Numerical Simulations and Machine Learning Modelling of Magnetic Systems

In this study, we show the behaviors of a Gamma model subjected to an external field. A magnetic field in the high-symmetry direction lifts the macroscopic classical ground state degeneracy of the honeycomb Γ model and induces a long-range magnetic order. An intriguing √3 by √3 magnetic order is selected by magnetic field for the antiferromagnetic interaction. At high fields, the breaking of the ground-state Z6 symmetry is through two Berezinskii-Kosterlitz-Thouless transitions that enclose a critical XY phase.

Additionally, we present  a numerical study of the disordered J1-J2 system modeled for a double perovskite compound. We find a glass transition at zero temperature, and derive corresponding critical exponents. We further conduct a Landau-Lifshitz dynamics study for the system to construct its dynamic structure factor, in which we observe a coexistence of spin-wave like dispersion and low energy level non-coherent excitations.

Moreover, we present a transferable machine learning framework that can be applied to analyze system configurations of arbitrary sizes for a certain kind of physics model.

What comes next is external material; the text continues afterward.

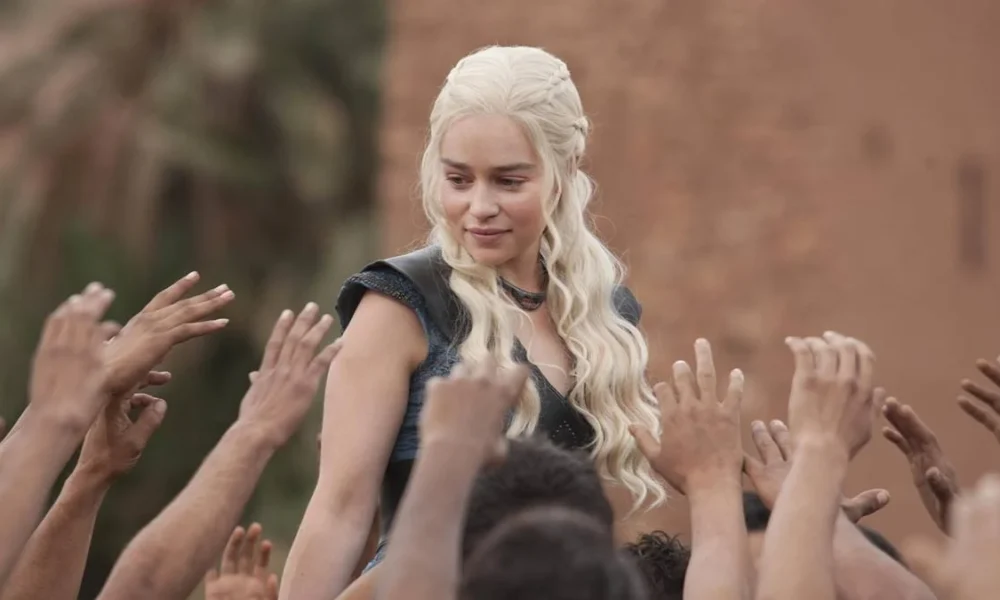 Daenerys Targaryen, com roupa azul e cabelo solto, cercada por seguidores querendo tocar nela, em "Game of Thrones".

The neural network model can make accurate predictions of extensive parameters such as phase and energy. We show that the neural network used in this research has a limitation, in that the energy prediction results have systematic deviations around the phase transition. We infer that this limitation is related to the locality of these extensive parameters. To describe the limitation, we extract a critical exponent that describes how the scaling collapse of phase prediction accuracy curves over the input focus sizes.